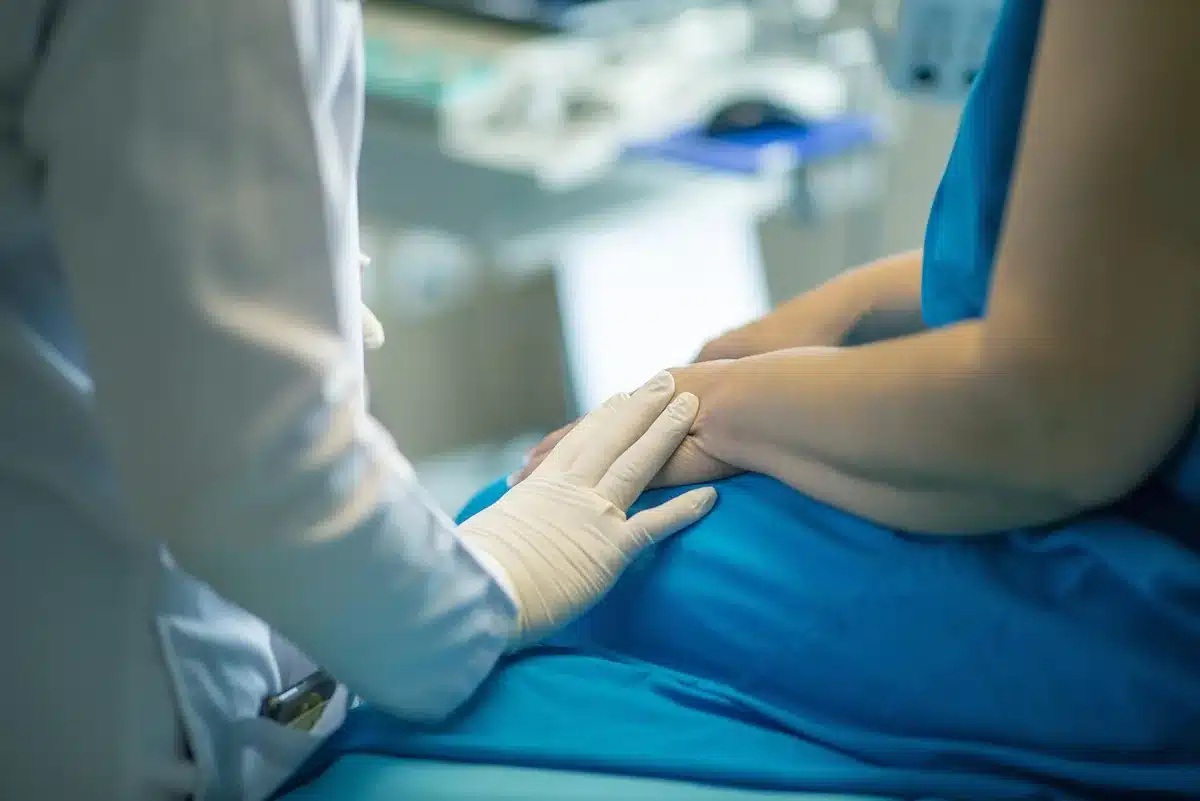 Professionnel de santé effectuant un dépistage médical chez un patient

--

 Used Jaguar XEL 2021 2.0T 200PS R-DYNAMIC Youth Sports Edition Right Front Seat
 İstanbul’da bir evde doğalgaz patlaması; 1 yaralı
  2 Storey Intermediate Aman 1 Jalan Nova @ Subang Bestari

* [Requirement] Restate word for word only the lines above from the line containing "İstanbul’da bir evde" to the line containing "2 Storey Intermediate", both of them included.

* [Solution]
 İstanbul’da bir evde doğalgaz patlaması; 1 yaralı
  2 Storey Intermediate Aman 1 Jalan Nova @ Subang Bestari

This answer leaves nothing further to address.